This is very much a work in progress… I’d love to hear what you think…
I see two types of idolatry:
1. Treat something else like God.
- Faith – place our confidence or trust in something else to do what only God can do or has promised to do.
- Love – offer our service or devotion (time, energy, work, sacrifice) to some group, principle, practice, or ideal.
2. Treat God like something else.
- Narcissism – turn God into a bigger version of us: looks like us, inhabits our territory, stands for our ideas or ideals, etc.
- Magic – turn God into a means to get us what we want: power, security, food, pleasure, comfort, wealth, image, success, wisdom, etc.
Michael DeFazio said:
A great example of the second would be the quintessential idolatry event in Scripture – the Israelites forming and bowing to the golden calf in Exodus 32-34. Note that they said of the calf, “This is Yahweh (the covenant name God had revealed to them) and they said this was the god (or gods) that brought them out of Egypt. So they weren’t abandoning Yahweh outright, but merely adjusting him to fit their preferences, recreating him along the lines of other ancient gods that were supposed to give people what they needed/wanted.
And a great example of the first would be the prophets’ chastising of Israel for making political alliances with Egypt and Assyria, thus placing their trust in human powers to provide the protection from disaster that only Yahweh could offer.
Dan H. said:
I really like this. It is clear, simple, and accurate. I think I’ll use this to teach on idolatry from here on out…unless you come up with something better that I can use 🙂 !
Philly Endiointmente said:
Regarding your “quintessential idolatry event,” that text is a polemic against the Aaronid priesthood. Archaeology has shown that these golden calves and things like them are not at all representations of the deities themselves but pedestals upon which the deities were believed to sit. They weren’t making an image of Yahweh. They were making a throne for Yahweh. But of course the story is made up anyway.

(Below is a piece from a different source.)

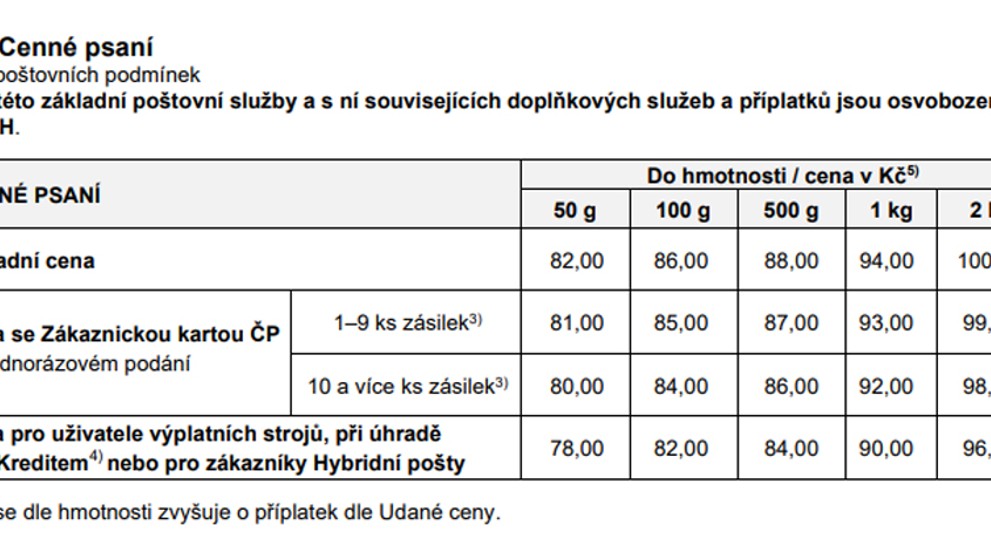 Cenné psaní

As for your second paragraph–your “great example of the first” type of idolatry–I don’t buy it. True, some prophets chastised Israel for making alliances with certain kingdoms. But those same prophets encouraged Israel to make alliances with certain other kingdoms. What is couched in the language of absolute faith in Yahweh is really a mask for just one more competing foreign policy among many.
As for Idolatry type 2B, you wrote, “Magic – turn God into a means to get us what we want: power, security, food, pleasure, comfort, wealth, image, success, wisdom, etc.”
Would the “et cetera” include land and victory in battle? If so, there’s a lot more idolatry in the Bible than we are prone to acknowledge.
Michael DeFazio said:
Philly, I don’t get you but I love you nonetheless.
But whatever the specific function of the calf, there was to be a festival in which they bowed before it, and the story interprets it as an affront against Yahweh. Yahweh didn’t come back down and say, “Hey, sweet, you made me a car.” And I’m not sure where you get your confidence about what did or didn’t happen. Archaeology? Dude, are you serious? I’m also not sure why you’ve become as reductionist as you have, as if (in this case) the only purpose or point of the story is against the Aaronic priesthood.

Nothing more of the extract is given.